Templates for Reproducible Research: Documentation#

Introduction#

An empirical or computational research project only becomes a useful building block for science and policy when all steps can be easily repeated and modified by others.

Hence, some actions should be absent as much as possible. This includes copying and pasting, pointing and clicking with a mouse, or other forms of interactive input, which are not stored as part of the project.

The idea behind these templates is that the researcher specifies a set of tasks, which are executed in the correct order as required. The only input for (re-)producing results will be the action setting this pipeline to run.

This code base aims to provide two stepping stones to assist you in achieving this goal:

  1. A sensible directory structure. This will save you a bunch of thinking about this structure time and again, which typically happens when incrementally building up a new project. Put differently, instead of starting from scratch, you modify an example for your needs.
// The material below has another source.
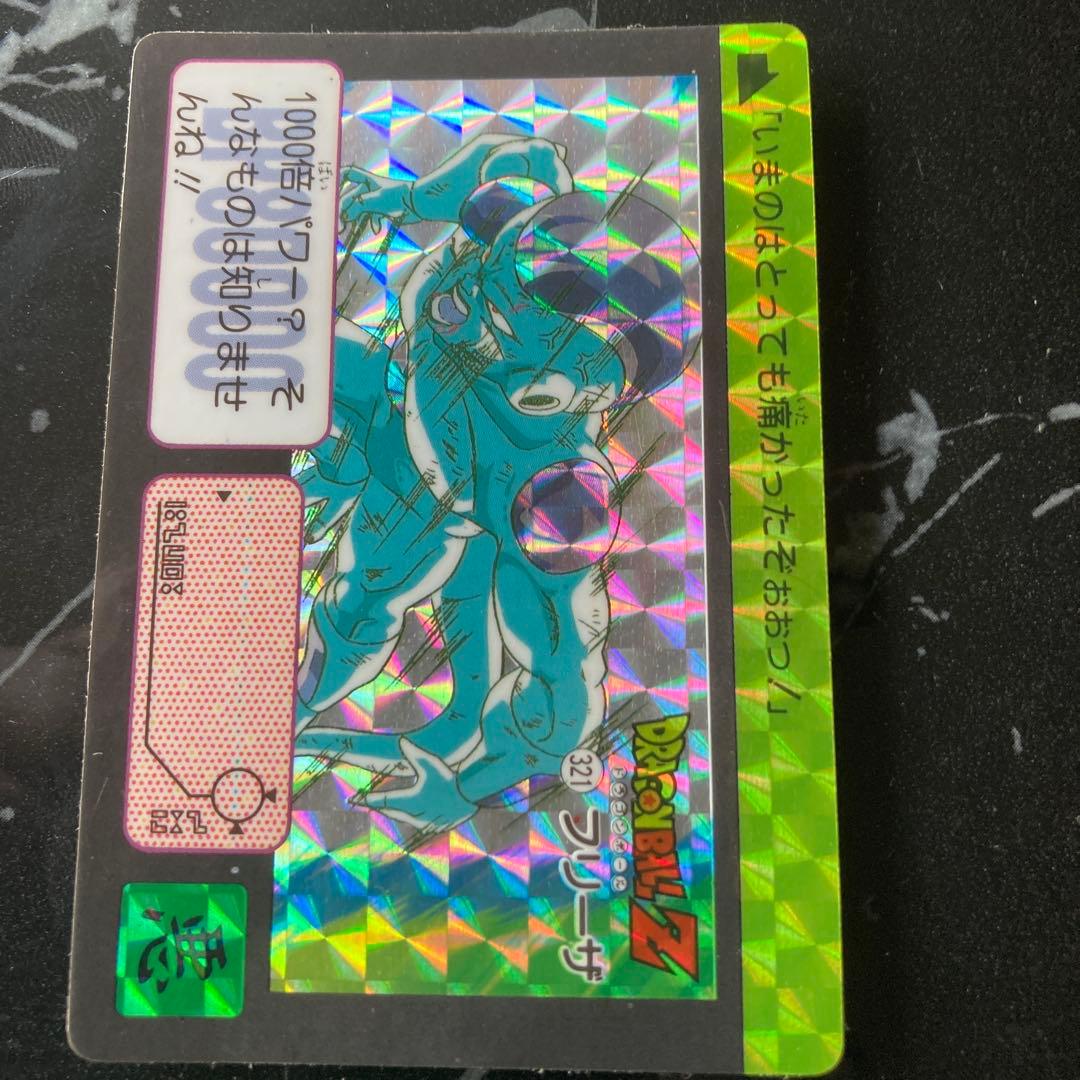 ドラゴンボールZ フリーザ ホログラムカード 1991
  2. Pre-configured useful tools such as pre-commit hooks, a conda environment, and pytask. These tools help you to maintain a clean code base and to automate the workflow of your project.
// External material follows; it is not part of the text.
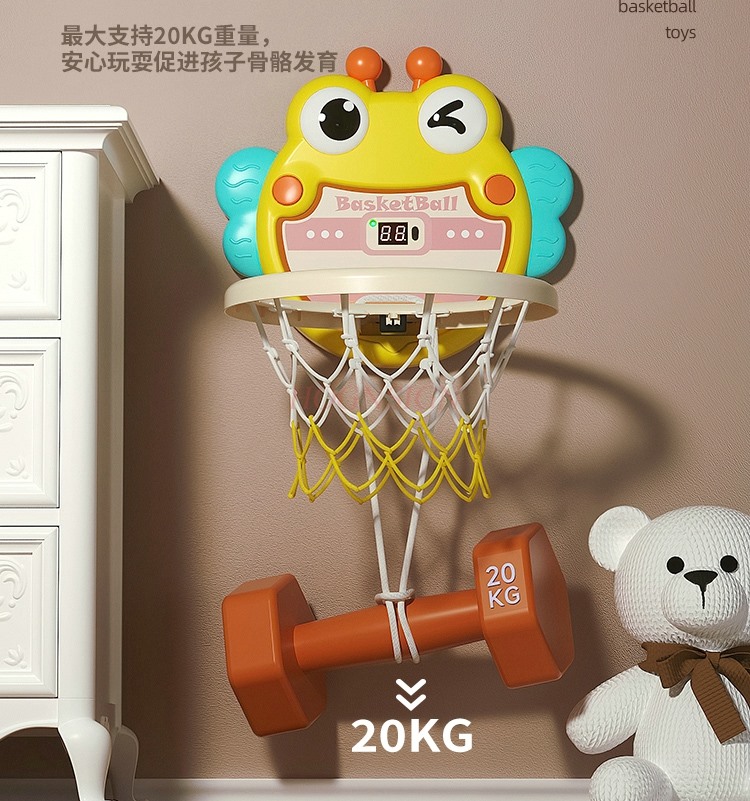Children's Indoor Basketball F - Indoor Sport And Outdoor Sports recension och pris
  3. A pre-configured instance of pytask, which facilitates the reproducibility of your research findings from the beginning to the end by letting the computer handle the project’s workflow.

The first should lure you in quickly. The second should convince you to stick to the tools in the long run – unless you have fought with large research projects before, at this point you may think that all of this is overkill and far more difficult than necessary. It is not. [although I am always happy to hear about easier alternatives]

The templates support a variety of programming languages already. They can be easily extended to cover others. Everything is tied together by pytask, which is written in Python. You do not need to know a lot of Python to use these tools, though.